Golding presents Garvey’s arts connection
USING AUDIO recordings of Garvey’s own words, visuals on big screen and the live performances of Jahiti, Isha Bel and Keith Campbell, Steven Golding presented the strong connection between National Hero the Rt Excellent Marcus Garvey and the performing arts at the Institute of Jamaica, East Street, Kingston, on Sunday afternoon.
Golding, president of the Universal Negro Improvement Association, took a chronological approach in speaking about Garvey’s influence on youth, poetry and contemporary popular music. In doing so, he spanned various aspects of the performing arts and countries.
After giving the history of Garvey’s message to members of his organisation to “keep cool” while he was held at a facility widely known as The Tombs before being sent to prison, Golding had singer/guitarist Jahiti do a musical version of the poem Garvey later developed.
Congratulating Bob Marley on being well read, Golding cited Garvey speeches by date and place from which Marley had utilised material in Who The Cap Fits (where he uses Garvey’s “man to man” in the opening line) and Redemption Song (the opening couplet of the second verse often attributed to Marley, who used Garvey’s words. Then there is Warrior King’s Virtuous Woman, in which he references Garvey when he sings “no real man can live without a woman/Like night to day is a woman to her man”.
“So Garvey is still making music even to today,” Golding said.
Burning Spear was a strong part of his Golding’s presentation. Golding explained that Garvey was under “tremendous pressure” in the later part of his life and left Jamaica for self-imposed exile. Golding said there was a determination in some quarters to suppress his legacy “and it almost worked.
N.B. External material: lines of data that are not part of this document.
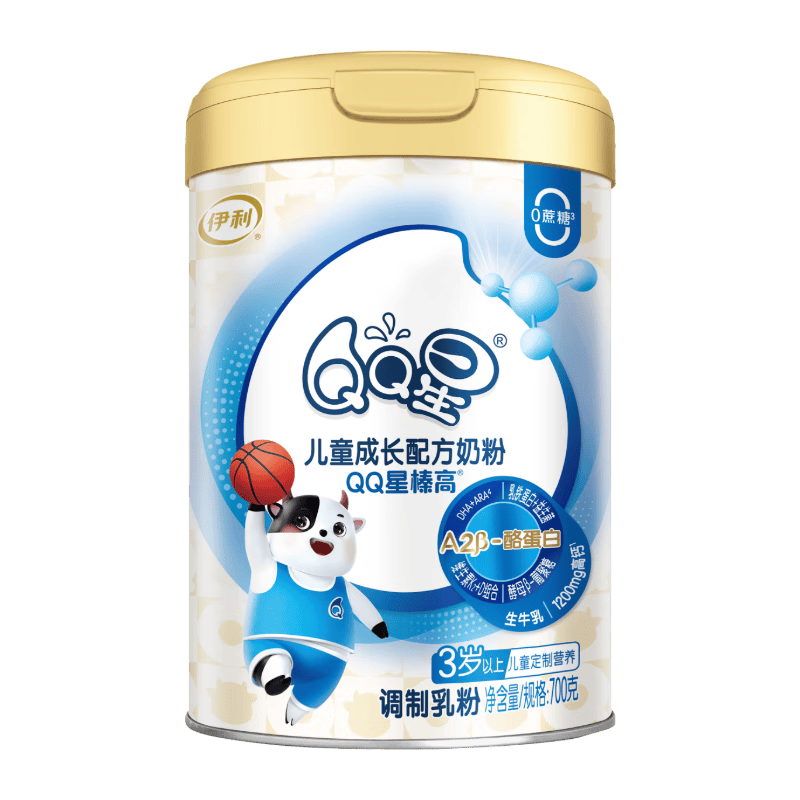 为孩子的成长加油:三款优质儿童奶粉推荐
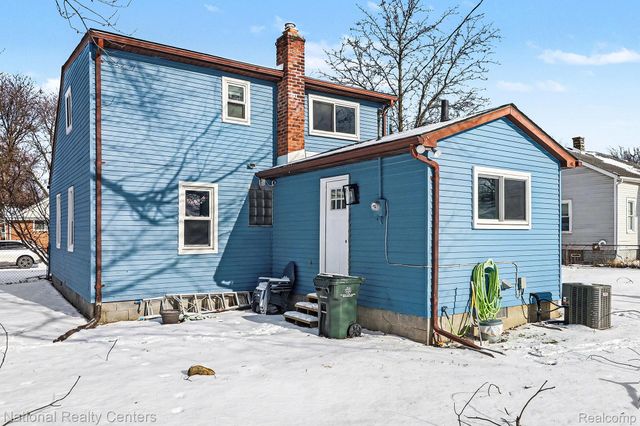 21732 Rosedale Street, St. Clair Shores, MI 48080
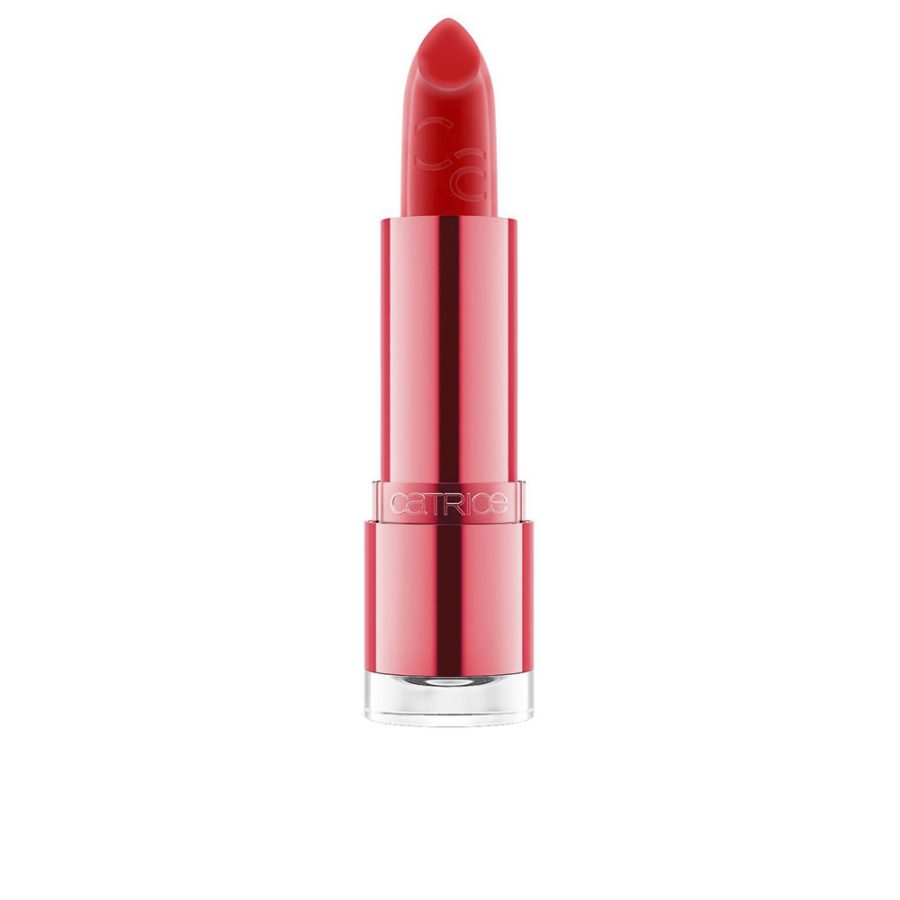 Catrice HIBISCUS shine glow lip balm #010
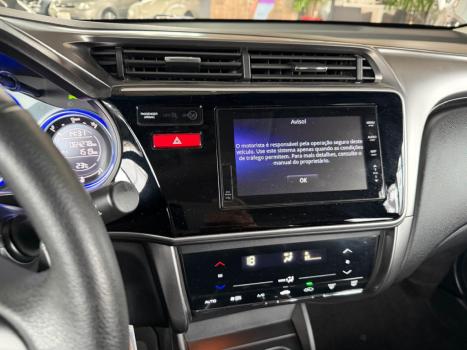 HONDA City Sedan 1.5 16V 4P EXL FLEX AUTOM�TICO, Foto 11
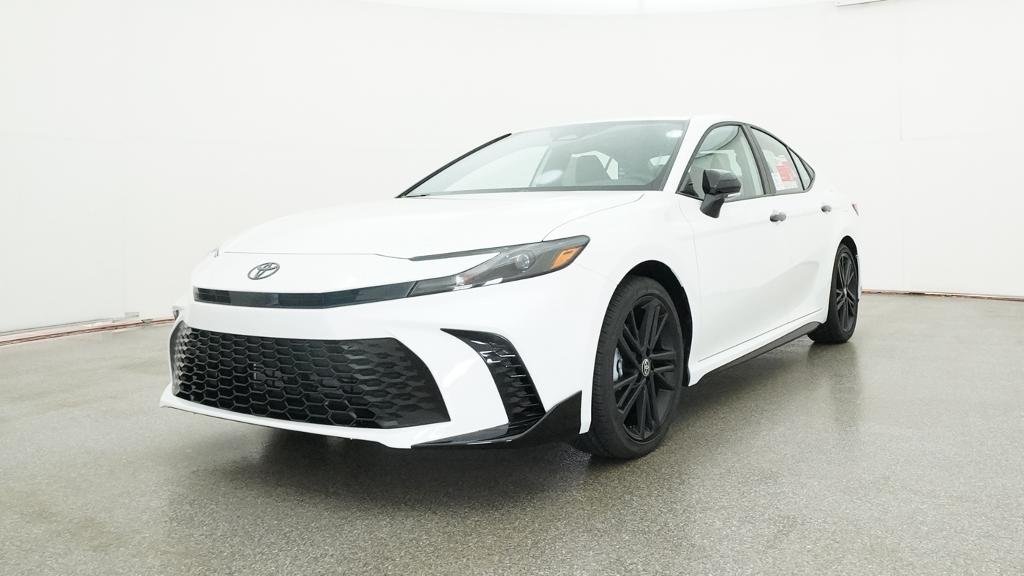 New 2026 Ice Cap Toyota Nightshade image 19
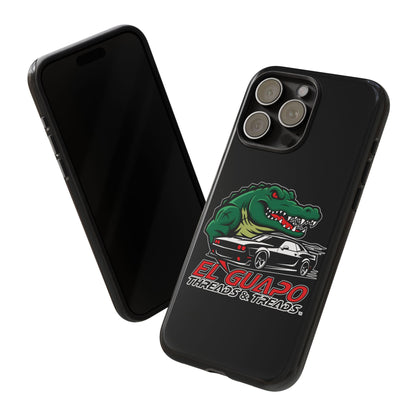 Tough Phone Case For iPhone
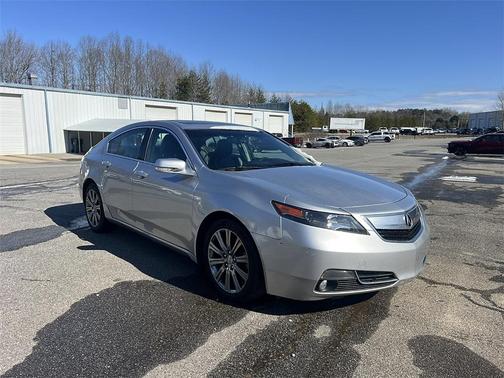 2014 Acura TL 3.5 Special Edition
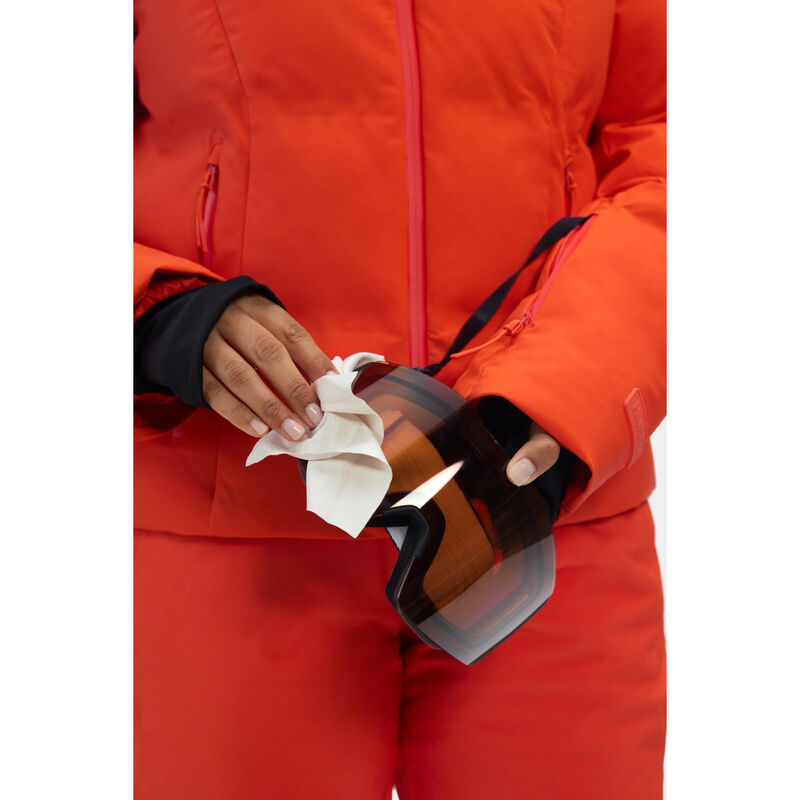 Halfdays Georgie Puffer Jacket Womens image number 2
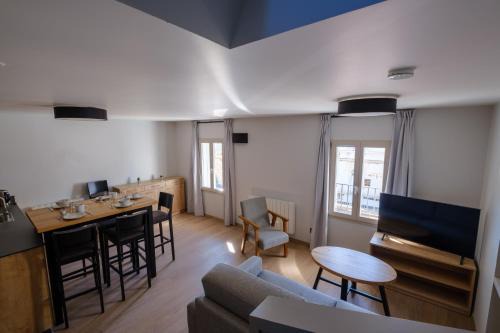 Lons-le-Saunier Apartamento | Résidence le 16 - Centre Ville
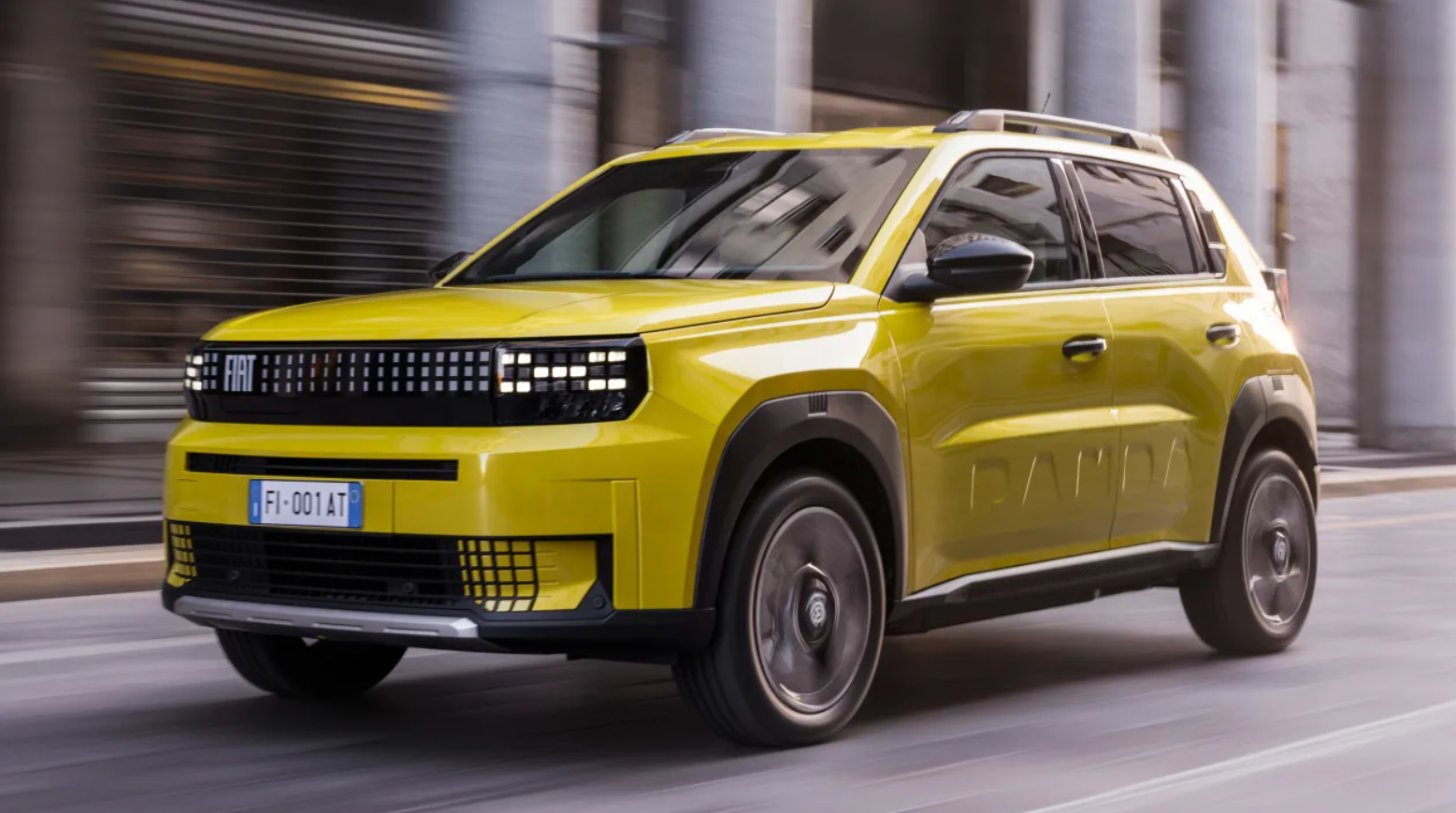 Konačno zvanično predstavljen Fiat Grande Panda: Poznati svi detalji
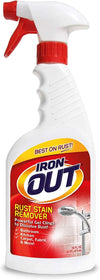 Iron Out Rust Stain Remover Gel Spray, 473 mL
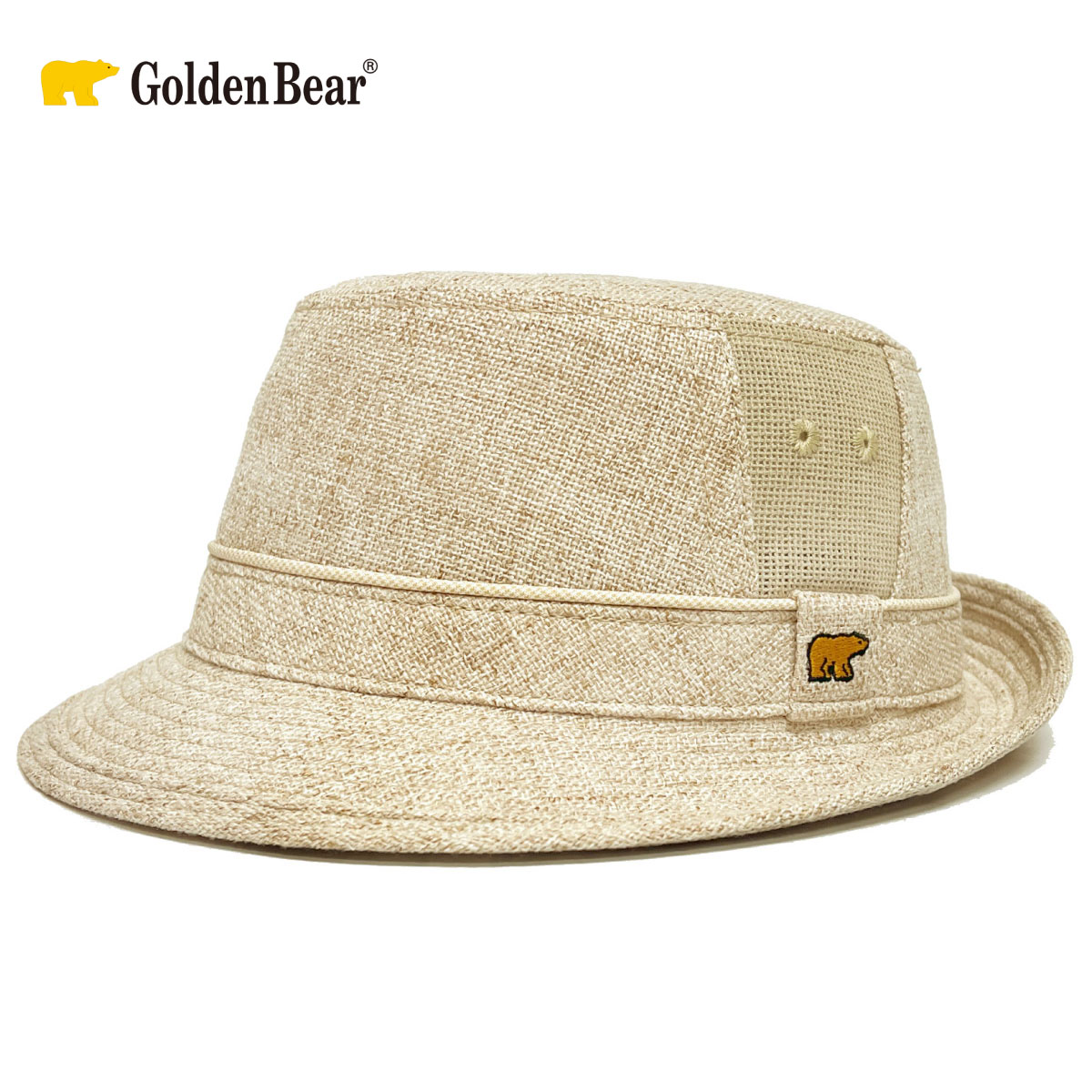 Golden Bear（ゴールデンベア） アルペンハット 帽子 小さめ 56.5cm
So we have to give thanks to people like Burning Spear”.
Roy Rayon started his post-lecture performance with two of the Burning Spear songs about Garvey, Marcus Garvey (Golding had pointed out the Sinead O’Connor version earlier) and Old Marcus Garvey.
He turned to Garvey’s own words, sarcastically thanking the USA’s federal government for Garvey’s five years of incarceration, as it was in that time that he produced the poetry referenced extensively during the presentation.
And, in thanking Golding for doing precisely what had been asked of him, director/curator of the Jamaica Music Museum, Herbie Miller, added a few tracks that are connected to Garvey, among them Max Roach’s Garvey’s Ghost. On Sunday, February 18, Miller will speak on the influence of Garvey’s philosophy and aesthetic on instrumental music.